Regression analysis can have a couple of different
purposes. Generally regression is used as a means to predict values or
scores on the outcome variable using one or more predictor variables.
However, regression is also often used as a means of determining
variable importance, meaning how are two or more variables related in
the context of a model. There are a vast number of types and ways to
conduct regression. This tutorial will focus exclusively on ordinary
least squares (OLS) linear regression. As with many of the tutorials on
this web site, this page should not be considered a replacement for a
good textbook, such as:
Pedhazur, E. J. (1997). Multiple
regression in behavioral research: Explanation and prediction
(3rd ed.). New York: Harcourt Brace.
For the duration of this tutorial, we will be
using
RegData001.sav
Regression Assumptions: Regression
is perhaps the most popular form of statistical analysis.
Unfortunately, regression also likely has the distinction of being the
most frequently abused statistical analysis, meaning it is often used
incorrectly. There are many assumptions of regression analysis. It is
strongly urged that one consult a good textbook (such as Pedhazur,
1997) to review all the assumptions of regression. However, some of the
more frequently violated assumptions will be reviewed here briefly.
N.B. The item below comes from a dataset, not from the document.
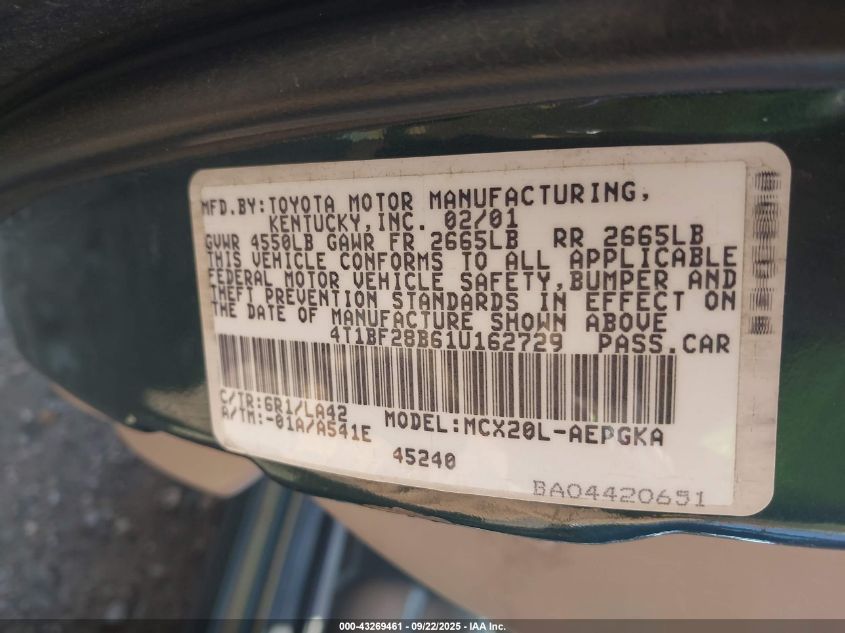 2001 Toyota Avalon Xls VIN: 4T1BF28B61U162729 Lot: 43269461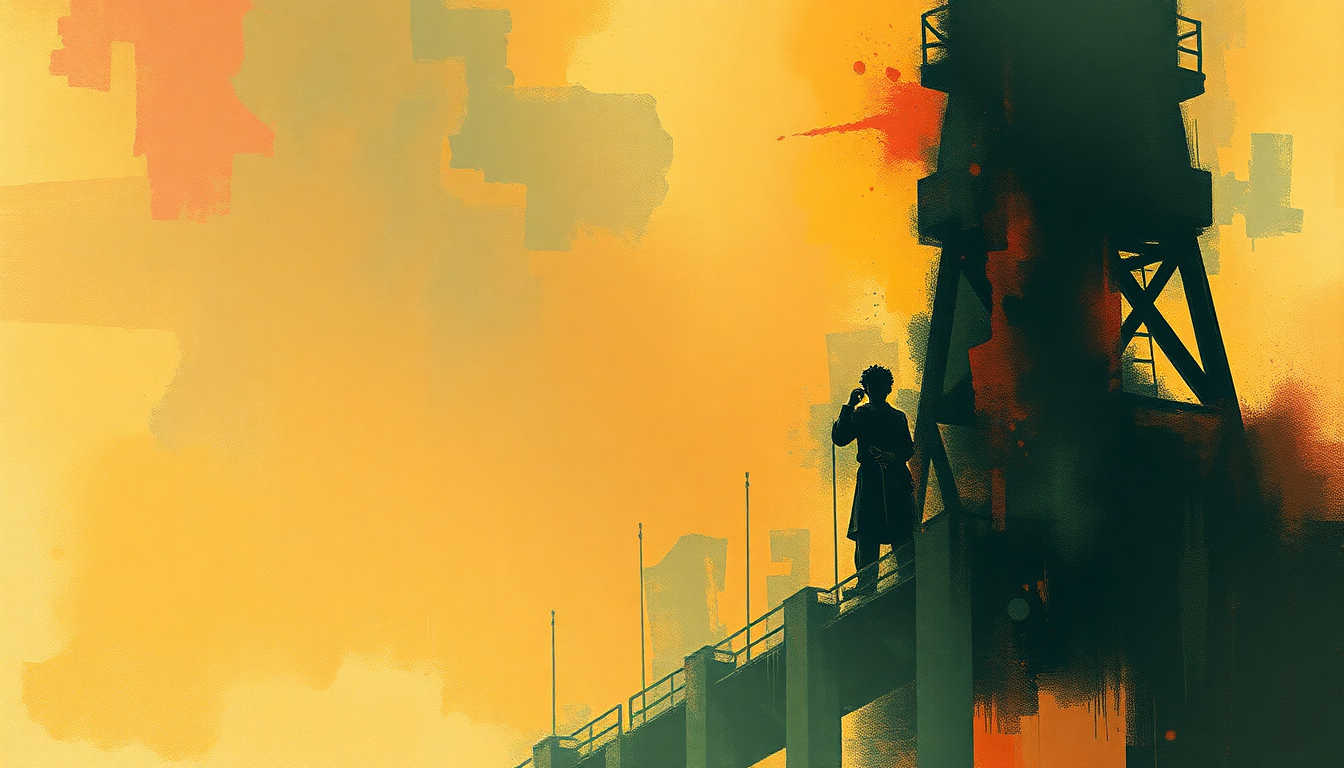 Fan-driven abstract illustration evoking the emotional arc of All Along the Watchtower by Jimi Hendrix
First, regression works best under the condition of proper model
specification; essentially, you should have all the important variables
in the model and no un-important variables in the model. Literature
reviews on the theory and variables of interest pay big dividends when
conducting regression. Second, regression works best when there is a
lack of multicollinearity. Multicollinearity is a big fancy word for:
your predictor variables are too strongly related, which degrades
regression's ability to discern which variables are important to the
model. Third, regression is designed to work best with linear
relationships. There are types of regression specifically designed to
deal with non-linear relationships (e.g. exponential, cubic, quadratic,
etc.); but standard multiple regression using ordinary least squares
works best with linear relationships. Fourth, regression is designed to
work with continuous or nearly continuous data. This one causes a great
deal of confusion, because 'nearly continuous' is a subjective
judgment. A 9-point Likert response scale item is NOT a continuous, or
even nearly continuous, variable. Again, there are special types of
regression to deal with different types of data, for example, ordinal
regression for dealing with an ordinal outcome variable, logistic
regression for dealing with a binary dichotomous outcome, multinomial
logistic regression for dealing with a polytomous outcome variable,
etc. Furthermore, if you have one or more categorical predictor
variables, you cannot simply enter them into the model. Categorical
predictors need to be coded using special strategies in order to be
included into a regression model and produce meaningful interpretive
output. The use of dummy coding, effects coding, orthogonal coding, or
criterion coding is appropriate for entering a categorical predictor
variable into a standard regression model. Again, a good textbook will
review each of these strategies--as each one lends itself to a
particular purpose. Fifth, regression works best when outliers are not
present. Outliers can be very influential to correlation and therefore,
regression. Thorough initial data analysis should be used to review the
data, identify outliers (both univariate and multivariate), and take
appropriate action. A single, severe outlier can wreak havoc in a
multiple regression analysis; as an esteemed colleague is fond of
saying...know thy data!
Bivariate Regression. The
simplest form of regression is bivariate regression, in which one
variable is the outcome and one is the predictor. Very little
information can be extracted from this type of analysis. The most
meaningful statistic is likely to be the correlation coefficient
squared (R²), which refers to
the amount of variance in one variable accounted for by the other.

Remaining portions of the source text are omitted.